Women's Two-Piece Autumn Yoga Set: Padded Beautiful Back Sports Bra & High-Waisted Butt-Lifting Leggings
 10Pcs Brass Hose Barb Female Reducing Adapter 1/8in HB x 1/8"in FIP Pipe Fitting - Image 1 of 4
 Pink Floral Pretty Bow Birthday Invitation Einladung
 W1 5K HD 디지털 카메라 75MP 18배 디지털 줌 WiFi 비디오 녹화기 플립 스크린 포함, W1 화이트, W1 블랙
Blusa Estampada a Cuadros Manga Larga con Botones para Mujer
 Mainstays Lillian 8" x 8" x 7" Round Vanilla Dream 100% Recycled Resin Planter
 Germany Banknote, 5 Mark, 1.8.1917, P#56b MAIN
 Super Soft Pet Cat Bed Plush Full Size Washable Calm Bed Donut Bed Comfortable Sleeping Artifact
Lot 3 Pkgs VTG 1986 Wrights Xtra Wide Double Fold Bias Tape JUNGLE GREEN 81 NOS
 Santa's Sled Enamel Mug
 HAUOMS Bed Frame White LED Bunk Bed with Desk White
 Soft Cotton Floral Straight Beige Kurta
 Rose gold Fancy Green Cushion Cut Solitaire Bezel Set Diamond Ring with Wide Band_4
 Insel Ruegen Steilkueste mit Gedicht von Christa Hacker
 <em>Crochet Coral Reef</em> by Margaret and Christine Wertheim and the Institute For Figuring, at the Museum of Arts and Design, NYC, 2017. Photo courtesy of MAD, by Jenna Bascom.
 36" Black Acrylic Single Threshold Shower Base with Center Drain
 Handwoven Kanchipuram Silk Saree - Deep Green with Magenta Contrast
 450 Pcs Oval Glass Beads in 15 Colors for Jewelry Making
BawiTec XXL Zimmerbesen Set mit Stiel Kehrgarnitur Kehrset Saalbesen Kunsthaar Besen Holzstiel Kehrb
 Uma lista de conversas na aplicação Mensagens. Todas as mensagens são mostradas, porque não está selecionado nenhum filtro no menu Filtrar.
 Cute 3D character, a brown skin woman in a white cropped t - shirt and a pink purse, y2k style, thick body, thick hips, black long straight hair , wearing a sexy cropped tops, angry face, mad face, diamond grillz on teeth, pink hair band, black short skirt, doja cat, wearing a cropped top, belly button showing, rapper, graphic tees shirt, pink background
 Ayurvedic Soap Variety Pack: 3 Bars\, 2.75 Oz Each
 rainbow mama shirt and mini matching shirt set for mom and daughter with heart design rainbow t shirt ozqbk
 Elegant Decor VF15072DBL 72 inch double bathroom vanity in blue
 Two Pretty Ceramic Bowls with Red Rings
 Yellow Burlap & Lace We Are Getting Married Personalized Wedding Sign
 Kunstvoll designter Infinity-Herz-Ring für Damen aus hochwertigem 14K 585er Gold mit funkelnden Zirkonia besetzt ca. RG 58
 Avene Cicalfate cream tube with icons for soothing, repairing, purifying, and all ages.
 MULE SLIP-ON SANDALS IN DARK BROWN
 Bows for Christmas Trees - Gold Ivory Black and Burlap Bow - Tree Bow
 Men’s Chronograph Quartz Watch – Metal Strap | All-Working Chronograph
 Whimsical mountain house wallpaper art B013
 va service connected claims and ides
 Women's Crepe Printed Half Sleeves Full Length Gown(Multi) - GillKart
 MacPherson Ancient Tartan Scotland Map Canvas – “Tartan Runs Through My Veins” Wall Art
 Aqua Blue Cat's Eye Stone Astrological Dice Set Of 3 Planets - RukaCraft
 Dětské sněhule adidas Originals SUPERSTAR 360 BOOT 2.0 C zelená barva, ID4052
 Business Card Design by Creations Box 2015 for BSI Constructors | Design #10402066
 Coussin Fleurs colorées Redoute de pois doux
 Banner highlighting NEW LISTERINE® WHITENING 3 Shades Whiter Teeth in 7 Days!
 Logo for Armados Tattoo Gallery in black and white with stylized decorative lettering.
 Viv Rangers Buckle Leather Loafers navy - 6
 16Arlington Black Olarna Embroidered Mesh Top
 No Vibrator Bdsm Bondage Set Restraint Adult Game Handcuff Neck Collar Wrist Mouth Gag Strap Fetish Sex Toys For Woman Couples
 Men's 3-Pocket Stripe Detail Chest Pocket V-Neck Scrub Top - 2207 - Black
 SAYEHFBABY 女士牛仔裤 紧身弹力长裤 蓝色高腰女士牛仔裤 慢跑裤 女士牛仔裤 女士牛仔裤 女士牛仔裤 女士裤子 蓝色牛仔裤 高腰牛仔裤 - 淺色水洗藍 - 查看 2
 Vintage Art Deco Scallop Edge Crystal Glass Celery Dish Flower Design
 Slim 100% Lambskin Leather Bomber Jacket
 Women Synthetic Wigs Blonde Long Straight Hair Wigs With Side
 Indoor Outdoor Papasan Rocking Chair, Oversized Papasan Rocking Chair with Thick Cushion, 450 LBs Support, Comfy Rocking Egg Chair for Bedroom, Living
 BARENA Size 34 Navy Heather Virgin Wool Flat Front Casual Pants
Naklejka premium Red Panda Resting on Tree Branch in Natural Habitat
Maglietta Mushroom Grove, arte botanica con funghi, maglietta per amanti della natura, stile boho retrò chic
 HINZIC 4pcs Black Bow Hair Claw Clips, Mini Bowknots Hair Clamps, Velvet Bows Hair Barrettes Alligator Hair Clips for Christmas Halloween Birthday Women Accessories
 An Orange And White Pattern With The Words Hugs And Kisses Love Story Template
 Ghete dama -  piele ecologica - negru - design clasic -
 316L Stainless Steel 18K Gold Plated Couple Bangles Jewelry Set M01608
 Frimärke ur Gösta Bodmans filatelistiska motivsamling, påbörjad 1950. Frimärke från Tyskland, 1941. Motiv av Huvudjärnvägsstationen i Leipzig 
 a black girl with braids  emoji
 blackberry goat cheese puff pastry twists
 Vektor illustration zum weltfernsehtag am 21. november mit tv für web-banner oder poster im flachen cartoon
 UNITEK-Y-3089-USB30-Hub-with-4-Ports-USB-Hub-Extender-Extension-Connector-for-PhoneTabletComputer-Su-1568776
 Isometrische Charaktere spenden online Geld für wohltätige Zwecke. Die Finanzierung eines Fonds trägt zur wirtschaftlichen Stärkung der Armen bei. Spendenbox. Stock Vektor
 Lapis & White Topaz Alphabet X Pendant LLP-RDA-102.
☆ ☆ ☆ ☆ ☆
_Exercise objective:_ Return a copy of each line of the material that holds the word "Jewelry".

_Answer for the task:_
 450 Pcs Oval Glass Beads in 15 Colors for Jewelry Making
 316L Stainless Steel 18K Gold Plated Couple Bangles Jewelry Set M01608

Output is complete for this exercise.